The idea of farming probably does not sound like fun to most people. When we say the word “farming”, for most of us it probably triggers images of vast fields of one crop. Some romantic notions of the farmer may persist, but we know that farming today really means an industrial landscape of monocultures, mostly inaccessible, and in some cases rarely even tended by actual humans. These crops are on a life support system of chemicals and irrigation that allows for a global consistency without any regard for the nuances of place or people. If the general, perhaps ideal, principle of farming is about establishing a balanced relationship with the environment around us to provide what we need to thrive, our contemporary model for the activity of farming is impoverished. As issues of the environment begin to take center stage again, perhaps this is beginning to evolve.
For me, the most interesting recent developments in architecture have nothing to do with the actual physical shell of the building itself, but with the way that architects are starting to intervene in the expansive local and global systems that the building is a part of.
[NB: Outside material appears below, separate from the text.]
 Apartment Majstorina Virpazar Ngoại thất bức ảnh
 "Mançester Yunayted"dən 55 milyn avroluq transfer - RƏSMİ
I am interested in the architects that consider their task to involve some reconciliation between the impossibly complex physical, emotional, creative, intellectual needs and desires of the humans they are accommodating with the equally complex and varied resources and forces surrounding them. I like architects that are asking themselves questions about what we need, and then looking around to see how much of that might be provided right where we are. What an exhilarating feeling to think we might have everything we need already!
Let’s expand the role of architect beyond builder and planner, to also include farmer. The farming architect, the building that farms. What would that look like?
The building that farms pays attention….
It takes careful stock of it’s situation. It understands what is uniquely possible and available in a particular location and figures out how to sustainably transform it into something useful. What do we have here? Algae, birds, clouds, compost, dead trees, data, fire, fresh air, fruit, geo-thermal activity, honey, hot springs, humidity, lightening, manure, meat, moss, mud, oceans, rain, rocks, seafood, salt, sand, seaweed, smog, sunlight, spices, tides, trash, traffic, vegetables, running water, wind, worms? It is an inherently localized activity.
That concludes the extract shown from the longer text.